Stenson served as vice captain to Padraig Harrington at the 2021 Ryder Cup at Whistling Straits in September, and Harrington was clearly disappointed in Stenson’s decision when Harrington was asked about the situation ahead of last week’s Senior Open Championship at Gleneagles.
“Clearly it’s unfortunate, the situation that he’s not going to continue on as captain,” Harrington said. “He signed a contract not to do that and was specifically asked not to do that. So yes, I don’t — I have no empathy there. No, he took The Ryder Cup job when LIV was in doubt, and now that LIV is pretty much mainstream normalized, he’s jumped ship.”
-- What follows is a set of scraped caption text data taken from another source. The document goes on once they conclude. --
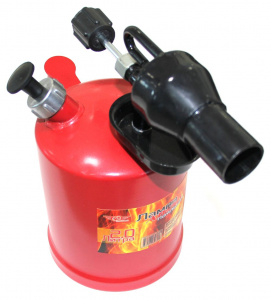 Лампа паяльная ЛП-2,0 TT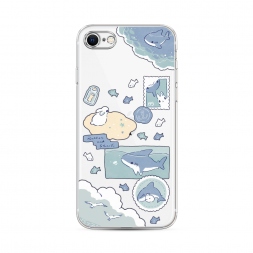 ����������� ����� ���������� � ����� �� iPhone SE 2020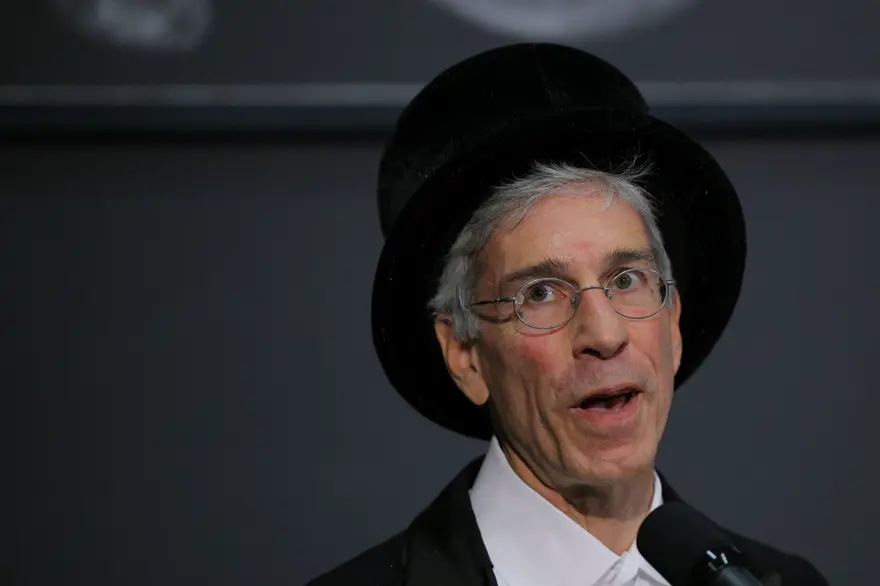 Güldürürken düşündürüyor: Yılın sıra dışı bilimsel çalışmaları ödüllendirildi! 8 Güldürürken düşündürüyor: Yılın sıra dışı bilimsel çalışmaları ödüllendirildi! 8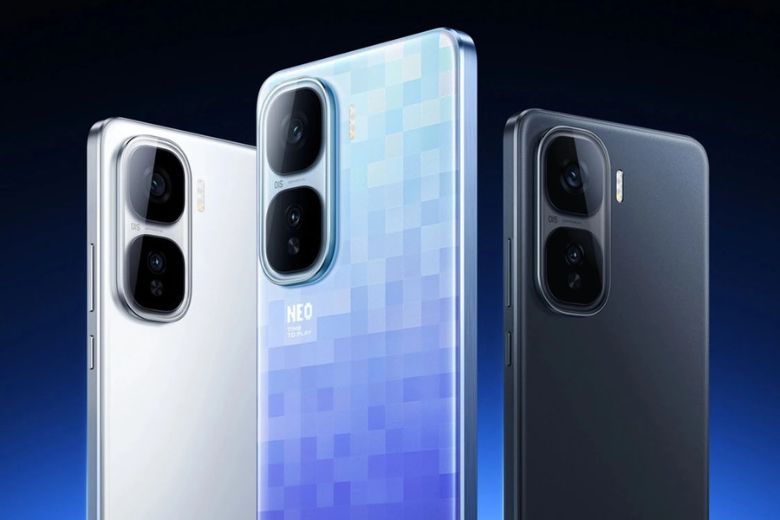 iQOO Neo10 Pro Plus 2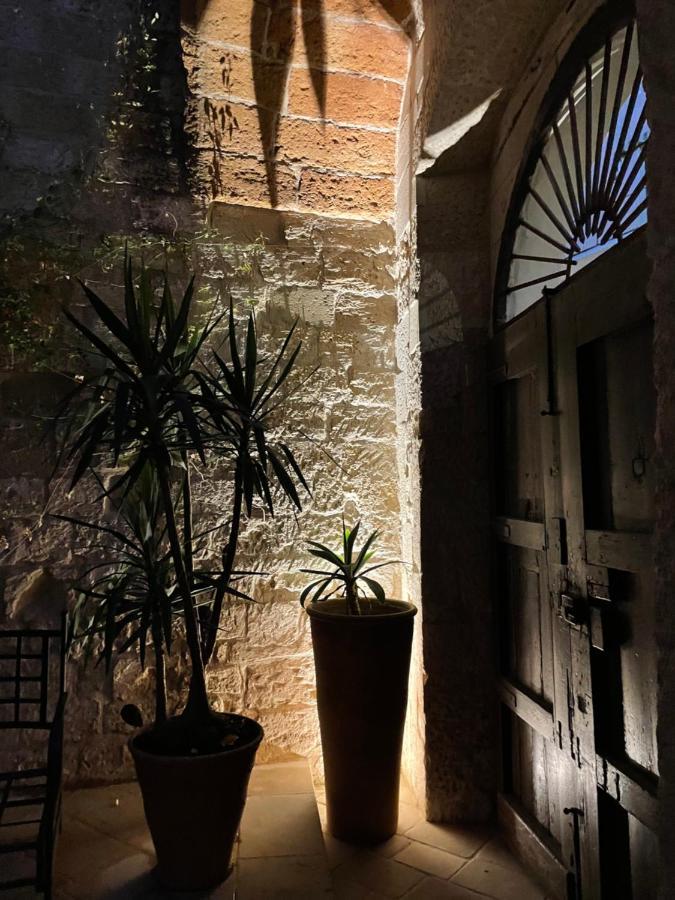 Lu Leccio Aparthotel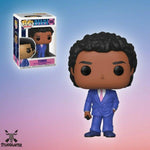 Funko POP! Miami Vice Tubbs # 940 – NEU - STUFFHUNTER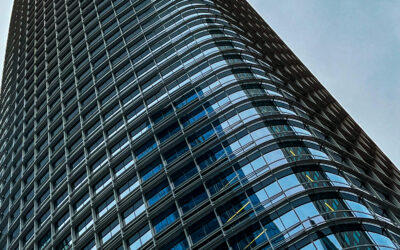 IBC Sections 1024 and 1025 Explained: What High-Rise Owners Must Know About Luminous Egress Requirements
Stenson is one of many European stalwarts who have recently left the PGA and DP World Tours for LIV Golf, joining Lee Westwood, Sergio Garcia, Paul Casey and Ian Poulter.
“He wanted to take something on when LIV looked like it wasn’t going to happen. And now that LIV, as we see, is mainstream, pretty close to being mainstream, there’s certainly less risk in joining the LIV Tour. He’s gone over, which I know it’s a financial decision,” Harrington continued. “We’re all here to make money and things like that but there is an element of like signing up to do something, and as much as it might suit him now and as much as it financially — financially being a Ryder Cup Captain in Europe is very lucrative. Clearly it’s financially better to go over to LIV but sometimes when you sign up for something, you have to accept that you made the decision at the time and you’ve got to stick to it. In that sense, he signed to say he wouldn’t do it.”
Harrington is on Team Europe’s selection committee and said that despite the setback with Stenson, the team will be ready next fall.
“It’s plenty of time. Fifteen months is loads of time,” he said. “Give him credit, he didn’t pull out like a month before or three months before. It is 15 months, plenty of time. No issue as regards the actual team and like there’s been nothing set in place about the selection processes or qualification processes. Really doesn’t affect the Ryder Cup in any shape or form. I’m sure we’ll have a new captain installed pretty soon.”
It will be a big moment for Team Europe, who will be looking to bounce back from a 19-9 thumping by Team USA at Whistling Straits when the match heads back to Europe next year.
The 2023 Ryder Cup begins on Friday, September 29, 2023.